First, the generative network is fed random noise with a length of 100 data points. The generated signal with a length of 1024 data points is output after five deconvolution units. The generated and real signals are then fed into the discriminant network. The true and false information for the signal is finally output after three convolution units and a full connection layer with a total of 128 neurons.

3.3.2. Training Process

Figure 4 illustrates the training process for GANs. The training procedure for this network is detailed below.

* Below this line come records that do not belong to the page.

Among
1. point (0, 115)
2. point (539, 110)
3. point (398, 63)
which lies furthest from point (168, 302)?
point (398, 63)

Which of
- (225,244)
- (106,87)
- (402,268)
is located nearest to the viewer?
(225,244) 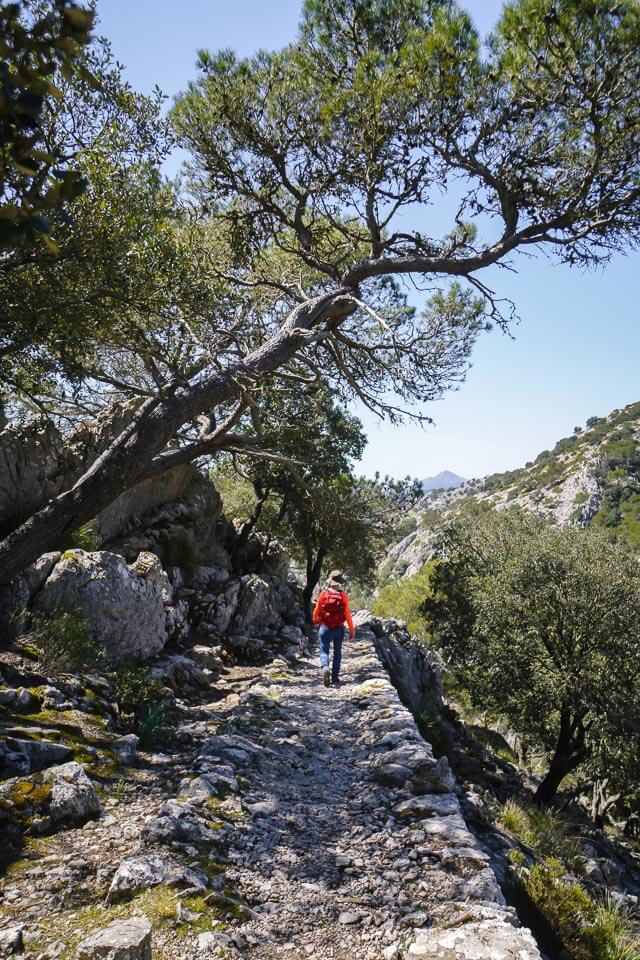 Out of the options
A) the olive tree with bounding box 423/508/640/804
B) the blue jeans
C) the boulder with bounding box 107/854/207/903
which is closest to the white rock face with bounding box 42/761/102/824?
the boulder with bounding box 107/854/207/903

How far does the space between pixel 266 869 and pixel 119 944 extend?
1.69 meters

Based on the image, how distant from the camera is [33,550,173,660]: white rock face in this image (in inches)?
322

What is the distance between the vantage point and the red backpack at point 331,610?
1028 centimetres

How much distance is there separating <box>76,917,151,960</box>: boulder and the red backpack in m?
7.57

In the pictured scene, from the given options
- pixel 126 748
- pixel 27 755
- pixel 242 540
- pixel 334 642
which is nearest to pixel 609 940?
pixel 126 748

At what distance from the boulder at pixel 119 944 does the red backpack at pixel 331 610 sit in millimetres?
7569

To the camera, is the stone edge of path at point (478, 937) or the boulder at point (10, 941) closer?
the boulder at point (10, 941)

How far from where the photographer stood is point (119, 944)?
2615 mm

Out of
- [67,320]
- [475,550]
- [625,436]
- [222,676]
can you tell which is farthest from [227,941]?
[625,436]

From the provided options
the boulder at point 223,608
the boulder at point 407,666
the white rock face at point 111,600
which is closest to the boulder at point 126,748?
the white rock face at point 111,600

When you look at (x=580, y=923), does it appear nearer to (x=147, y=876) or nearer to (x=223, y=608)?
(x=147, y=876)

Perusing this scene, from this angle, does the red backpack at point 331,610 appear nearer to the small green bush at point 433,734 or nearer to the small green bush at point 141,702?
the small green bush at point 141,702

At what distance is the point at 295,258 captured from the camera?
36.9 feet

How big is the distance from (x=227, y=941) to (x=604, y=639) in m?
18.0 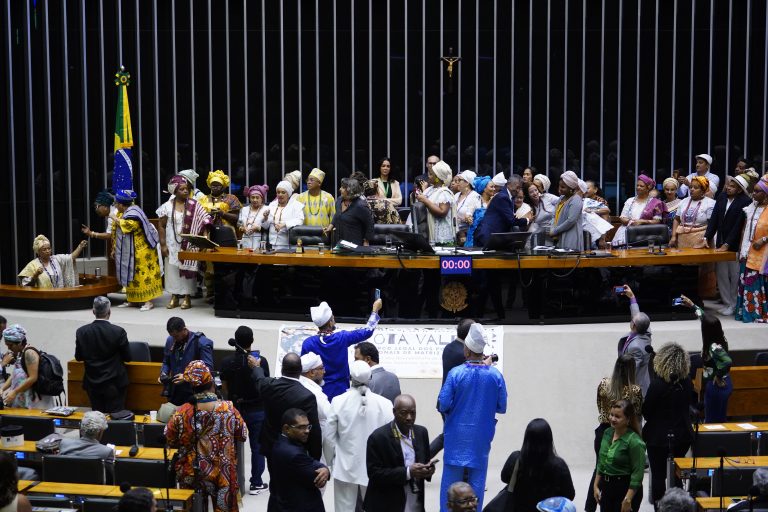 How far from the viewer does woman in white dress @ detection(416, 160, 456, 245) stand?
42.6 feet

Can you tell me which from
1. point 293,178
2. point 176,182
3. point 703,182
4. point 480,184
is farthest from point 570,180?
point 176,182

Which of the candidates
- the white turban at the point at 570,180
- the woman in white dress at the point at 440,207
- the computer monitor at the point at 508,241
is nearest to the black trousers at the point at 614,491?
the computer monitor at the point at 508,241

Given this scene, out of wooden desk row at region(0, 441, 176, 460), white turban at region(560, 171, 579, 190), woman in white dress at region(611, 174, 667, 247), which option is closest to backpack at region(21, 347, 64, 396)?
wooden desk row at region(0, 441, 176, 460)

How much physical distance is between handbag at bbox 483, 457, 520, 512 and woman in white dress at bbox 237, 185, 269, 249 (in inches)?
270

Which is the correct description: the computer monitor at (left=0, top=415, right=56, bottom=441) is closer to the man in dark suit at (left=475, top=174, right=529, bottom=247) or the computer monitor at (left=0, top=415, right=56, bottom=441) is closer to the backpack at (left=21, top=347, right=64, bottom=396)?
the backpack at (left=21, top=347, right=64, bottom=396)

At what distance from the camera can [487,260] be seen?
11.9 meters

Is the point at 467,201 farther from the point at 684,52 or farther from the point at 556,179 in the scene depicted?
the point at 684,52

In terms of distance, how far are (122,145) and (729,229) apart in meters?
6.86

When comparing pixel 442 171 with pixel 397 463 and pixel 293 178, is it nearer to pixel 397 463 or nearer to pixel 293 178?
pixel 293 178

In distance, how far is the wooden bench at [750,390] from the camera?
10.0 meters

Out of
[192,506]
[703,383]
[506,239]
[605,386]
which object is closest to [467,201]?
[506,239]

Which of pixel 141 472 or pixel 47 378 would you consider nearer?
pixel 141 472

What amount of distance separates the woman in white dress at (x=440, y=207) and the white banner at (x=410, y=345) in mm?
1495

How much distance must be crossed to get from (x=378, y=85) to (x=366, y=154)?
98 cm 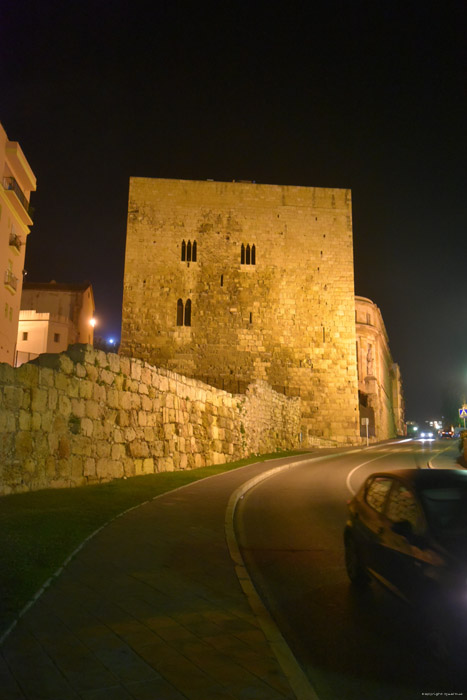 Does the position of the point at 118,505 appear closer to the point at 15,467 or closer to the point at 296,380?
the point at 15,467

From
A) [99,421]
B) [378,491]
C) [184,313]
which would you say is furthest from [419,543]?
[184,313]

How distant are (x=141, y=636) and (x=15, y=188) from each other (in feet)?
119

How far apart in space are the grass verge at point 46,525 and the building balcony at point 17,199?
26.1 m

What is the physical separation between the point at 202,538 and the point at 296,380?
31799 millimetres

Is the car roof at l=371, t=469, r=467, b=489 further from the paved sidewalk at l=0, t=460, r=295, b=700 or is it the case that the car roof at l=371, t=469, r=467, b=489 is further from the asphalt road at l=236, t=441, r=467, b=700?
the paved sidewalk at l=0, t=460, r=295, b=700

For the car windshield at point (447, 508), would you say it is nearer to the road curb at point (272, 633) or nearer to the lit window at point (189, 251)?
the road curb at point (272, 633)

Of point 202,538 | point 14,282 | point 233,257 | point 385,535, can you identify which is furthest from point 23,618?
point 233,257

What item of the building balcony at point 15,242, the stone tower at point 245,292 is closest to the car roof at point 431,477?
the stone tower at point 245,292

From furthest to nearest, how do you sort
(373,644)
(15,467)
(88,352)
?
(88,352) < (15,467) < (373,644)

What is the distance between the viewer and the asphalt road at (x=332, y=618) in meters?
3.96

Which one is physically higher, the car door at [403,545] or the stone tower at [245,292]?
the stone tower at [245,292]

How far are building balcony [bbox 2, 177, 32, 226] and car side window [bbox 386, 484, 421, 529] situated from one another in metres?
34.2

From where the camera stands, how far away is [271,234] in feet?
136

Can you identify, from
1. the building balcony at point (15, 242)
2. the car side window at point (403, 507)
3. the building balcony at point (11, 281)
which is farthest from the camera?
the building balcony at point (15, 242) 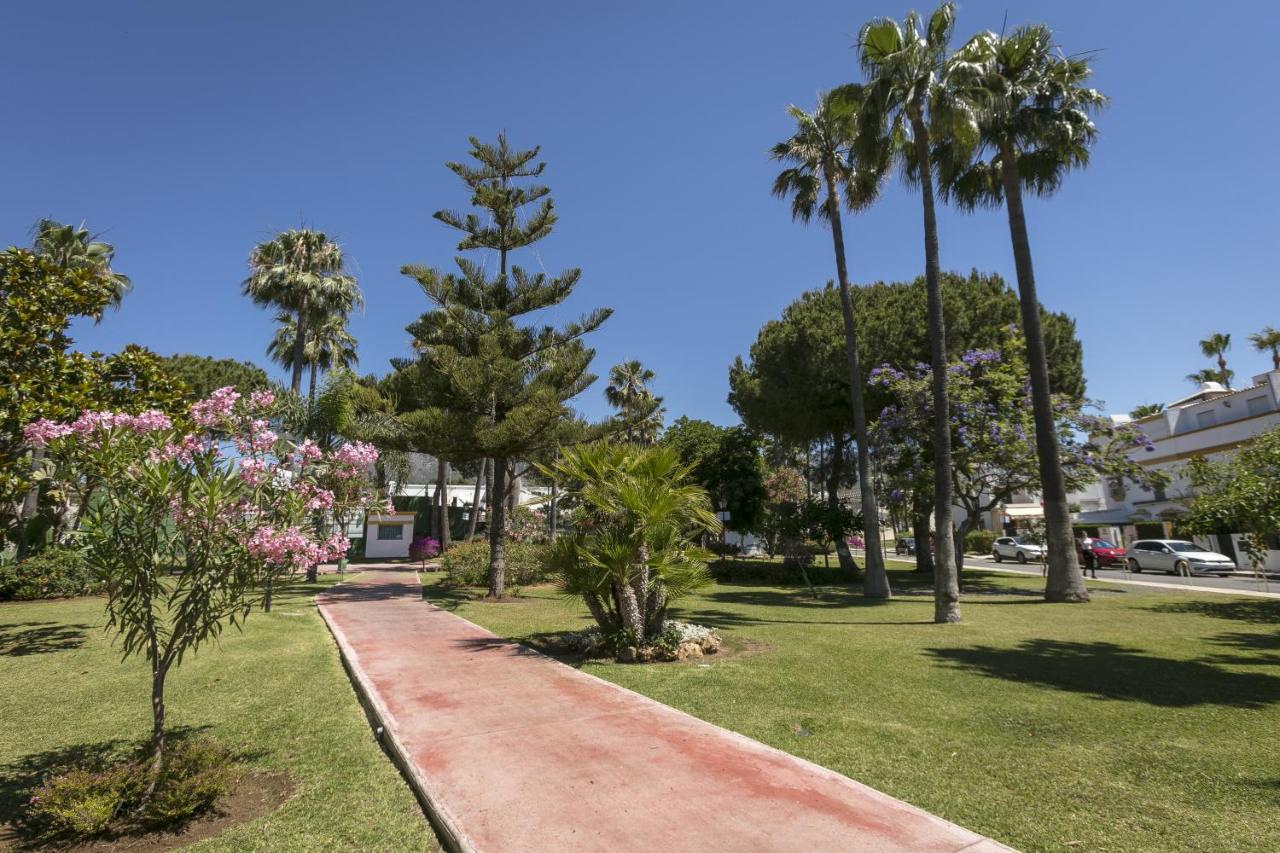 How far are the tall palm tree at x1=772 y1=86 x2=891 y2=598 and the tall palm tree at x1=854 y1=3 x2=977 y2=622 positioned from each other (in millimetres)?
2324

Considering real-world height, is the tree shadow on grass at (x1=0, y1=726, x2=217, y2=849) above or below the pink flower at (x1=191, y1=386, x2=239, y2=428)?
below

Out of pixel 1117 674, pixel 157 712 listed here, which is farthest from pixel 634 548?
pixel 1117 674

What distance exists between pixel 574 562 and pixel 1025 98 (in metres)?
16.4

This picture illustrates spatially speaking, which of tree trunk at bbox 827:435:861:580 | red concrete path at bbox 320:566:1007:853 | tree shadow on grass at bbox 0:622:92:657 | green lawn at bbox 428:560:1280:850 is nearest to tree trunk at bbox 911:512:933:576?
tree trunk at bbox 827:435:861:580

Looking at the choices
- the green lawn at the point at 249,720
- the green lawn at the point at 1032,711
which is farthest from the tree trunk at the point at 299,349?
the green lawn at the point at 1032,711

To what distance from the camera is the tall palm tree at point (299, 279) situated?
23.8m

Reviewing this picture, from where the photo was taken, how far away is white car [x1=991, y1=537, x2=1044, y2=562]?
35.2m

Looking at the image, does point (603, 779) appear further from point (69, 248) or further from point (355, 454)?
point (69, 248)

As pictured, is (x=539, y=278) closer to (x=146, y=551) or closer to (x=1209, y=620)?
(x=146, y=551)

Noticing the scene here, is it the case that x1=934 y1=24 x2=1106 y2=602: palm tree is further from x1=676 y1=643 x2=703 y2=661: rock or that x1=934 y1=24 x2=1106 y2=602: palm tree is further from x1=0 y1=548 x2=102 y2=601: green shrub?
x1=0 y1=548 x2=102 y2=601: green shrub

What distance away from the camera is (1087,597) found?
1521 cm

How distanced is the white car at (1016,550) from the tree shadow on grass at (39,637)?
39.9 meters

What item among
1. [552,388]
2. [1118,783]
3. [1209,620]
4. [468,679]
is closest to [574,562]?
[468,679]

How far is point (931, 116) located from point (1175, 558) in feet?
79.4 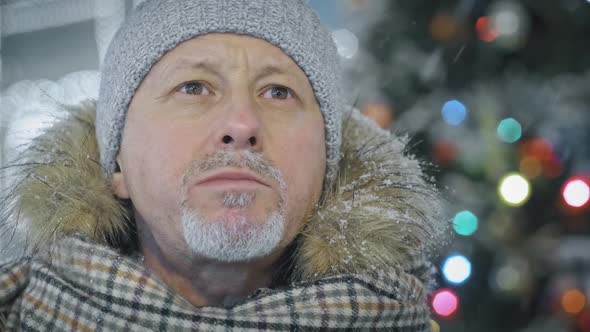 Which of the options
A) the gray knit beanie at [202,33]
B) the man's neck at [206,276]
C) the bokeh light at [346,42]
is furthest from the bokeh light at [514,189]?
the man's neck at [206,276]

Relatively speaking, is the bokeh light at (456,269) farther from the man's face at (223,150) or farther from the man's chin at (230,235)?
the man's chin at (230,235)

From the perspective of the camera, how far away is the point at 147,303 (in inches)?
46.8

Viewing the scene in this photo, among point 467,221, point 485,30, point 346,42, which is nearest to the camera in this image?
point 485,30

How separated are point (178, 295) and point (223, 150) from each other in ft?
1.04

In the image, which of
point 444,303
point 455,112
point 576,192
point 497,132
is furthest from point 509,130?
point 444,303

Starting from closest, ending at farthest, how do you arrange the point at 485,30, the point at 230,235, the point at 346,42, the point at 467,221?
the point at 230,235, the point at 485,30, the point at 467,221, the point at 346,42

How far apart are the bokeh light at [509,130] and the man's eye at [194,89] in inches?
68.9

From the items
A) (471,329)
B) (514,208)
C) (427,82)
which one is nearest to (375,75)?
(427,82)

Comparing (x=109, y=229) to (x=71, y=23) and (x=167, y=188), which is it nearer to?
(x=167, y=188)

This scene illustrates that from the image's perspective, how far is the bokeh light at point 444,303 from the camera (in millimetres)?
2729

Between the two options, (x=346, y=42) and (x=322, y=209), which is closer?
(x=322, y=209)

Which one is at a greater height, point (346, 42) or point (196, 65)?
point (346, 42)

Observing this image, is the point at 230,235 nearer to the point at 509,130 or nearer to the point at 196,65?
the point at 196,65

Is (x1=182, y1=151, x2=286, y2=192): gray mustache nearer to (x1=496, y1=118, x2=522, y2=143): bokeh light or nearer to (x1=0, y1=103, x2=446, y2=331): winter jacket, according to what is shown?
(x1=0, y1=103, x2=446, y2=331): winter jacket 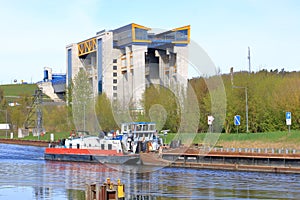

Train the generated network. A generated network (generator) tries its best to generate false pictures that are approximately true from random noise. As illustrated in Figure 8, the discriminant network’s parameter training process is frozen, and only the generated network is updated (a). The generated network’s input is random noise, and its label is true (1). The output is either true or false information (0/1); to be more specific, the generator generates a false signal, sends it to the discriminator, and trains the generator according to the determination result (note that the parameters of the discriminator should not be updated at this time);
Train the discriminant network. A discriminant network (decision maker) tries its best to distinguish between real pictures and false signals (signals generated by the generator). The parameters of the generated network are frozen, and only the discriminant network’s parameter training process is updated, as illustrated in Figure 8b. A discriminant network has two types of input. One is the signal generated by random noise passing through the generated network, and its associated label is false (0). One is a real signal, and the label to which it corresponds is real (1). The output is either true or false information (0/1). To be more specific: first, send a real signal to the discriminator, mark the sample as true, and train the discriminator; second, the generator generates a false signal, sends it to the discriminator, marks the sample as false, and trains the discriminator;
Repeat steps 1 and 2 in sequence until convergence occurs. The generated signal becomes increasingly close to the real signal through continuous confrontation between the generated network and the discriminant network.

In summary, the GAN training process is as follows:

(1): Randomly sample the noise data distribution, input the generation model, and obtain a set of false data, which is recorded as D(z);
(2): Randomly sample the distribution of real data as real data and record it as X;
(3): Take the data generated in one of the first two steps as the input of the discrimination network (so the input of the discrimination model is two types of data: true/false), and the output value of the discrimination network is the probability that the input belongs to the real data. Real is 1, and fake is 0;
(4): Then, calculate the loss function according to the obtained probability value;
(5): According to the loss function of the discriminant model and the generated model, the parameters of the model can be updated by using the back propagation algorithm. (First, update the parameters of the discrimination model, and then update the parameters of the generator through the noise data obtained by resampling).

The GAN network trains the generation model through the training set, and its corresponding verifier samples train the discrimination model. A new test set is used to test the model generated by the GAN network, and the final results are obtained.

4. Experimental Verification and Result Analysis

4.1. Experimental Data

The underwater echo data used in this paper are all from experimental tests conducted at the anechoic pool at the Xi’an Institute of Precision Mechanics. Figure 9 illustrates the experimental platform, with the Key Laboratory of Underwater Information and Control in Figure 9a, and the anechoic pool in Figure 9b.

Using the principal prototype of an underwater high-speed vehicle homing system, a hard-in-the-loop simulation environment for underwater targets is constructed based on the actual application environment and situation of underwater high-speed vehicles. Figure 10 depicts the pool experiment. When the underwater high-speed vehicle moves in the direction of the underwater target, it emits detection signals that are reflected by the target and converted to echo signals by the underwater high-speed vehicle’s detection system.

4.2. IGAN-UW Experimental Verification and Analysis

To validate the effectiveness of the target echo signal generation model proposed in this paper, the target echo signal processed in Section 3.1 is used as the real signal for the echo signal generation experiment. Table 2 summarizes the hyperparameters used in model generation training.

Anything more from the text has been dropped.